Ce qui est clair, c’est que la vaccination réduit considérablement les risques d’être contaminés et surtout d’être hospitalisés comme malades de la forme grave. La vaccination est une cause nationale d’urgence. C’est la raison du passe vaccinal voté par les députés le 6 janvier 2022.
Les données de la DREES (Direction de la recherche, des études, de l’évaluation et des statistiques) sont sans ambiguïtés à ce sujet. Entre le 29 novembre et le 26 décembre 2021, 56% des personnes entrées à l’hôpital en soins critiques après avoir été testées positives n’étaient pas vaccinées, et 42% des décès (alors que les personnes non-vaccinées représentent seulement 8% de la population éligible à la vaccination).
Actuellement, 21 605 personnes sont hospitalisées pour cause de covid-19, dont 3 815 en soins critiques (on se rapproche des 4 000, c’est énorme).
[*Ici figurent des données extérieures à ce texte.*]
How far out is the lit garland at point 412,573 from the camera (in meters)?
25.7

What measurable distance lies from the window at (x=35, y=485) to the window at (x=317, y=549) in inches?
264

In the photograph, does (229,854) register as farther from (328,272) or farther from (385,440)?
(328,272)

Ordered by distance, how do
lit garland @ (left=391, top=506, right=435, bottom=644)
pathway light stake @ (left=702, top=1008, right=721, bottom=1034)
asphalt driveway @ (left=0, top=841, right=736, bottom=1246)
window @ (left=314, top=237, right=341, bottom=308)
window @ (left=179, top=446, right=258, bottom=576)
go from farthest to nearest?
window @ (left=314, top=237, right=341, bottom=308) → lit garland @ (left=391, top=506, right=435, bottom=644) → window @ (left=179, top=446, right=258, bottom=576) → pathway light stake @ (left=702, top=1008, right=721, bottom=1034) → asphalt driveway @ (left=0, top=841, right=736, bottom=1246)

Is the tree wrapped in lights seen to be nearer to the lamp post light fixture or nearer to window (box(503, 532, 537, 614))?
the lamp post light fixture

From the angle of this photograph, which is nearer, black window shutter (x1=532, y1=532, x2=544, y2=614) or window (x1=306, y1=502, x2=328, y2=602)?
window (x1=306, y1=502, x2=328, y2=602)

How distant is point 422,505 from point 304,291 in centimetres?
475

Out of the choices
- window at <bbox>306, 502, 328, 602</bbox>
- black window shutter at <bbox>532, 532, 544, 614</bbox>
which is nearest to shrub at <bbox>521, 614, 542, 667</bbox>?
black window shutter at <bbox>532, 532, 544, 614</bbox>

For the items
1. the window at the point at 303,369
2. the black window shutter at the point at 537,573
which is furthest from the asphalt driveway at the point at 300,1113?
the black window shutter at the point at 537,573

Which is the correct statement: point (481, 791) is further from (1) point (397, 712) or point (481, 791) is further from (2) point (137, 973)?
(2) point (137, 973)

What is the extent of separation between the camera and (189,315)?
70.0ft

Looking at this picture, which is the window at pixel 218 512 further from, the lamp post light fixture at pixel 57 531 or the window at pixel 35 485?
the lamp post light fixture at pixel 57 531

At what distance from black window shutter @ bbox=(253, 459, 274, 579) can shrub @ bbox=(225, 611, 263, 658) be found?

Le choix du gouvernement était simple. Face à une telle violence de l’épidémie à partir de Noël, il n’y avait que deux choix possibles : ou tout fermer, tout confiner, l’économie et les écoles, comme ce fut le cas en mars 2020 avec les conséquences que l’on sait, psychologiques et financières, ou miser totalement sur la vaccination, qui réduit les dégâts humains et sanitaires. Mais pour cela, il ne faut pas laisser dans la nature 5 millions de personnes non-vaccinées, dont 500 000 personnes fragiles qui pourraient toutes se retrouver en réanimation (on ne pourrait alors soigner qu’une personne sur 100 !).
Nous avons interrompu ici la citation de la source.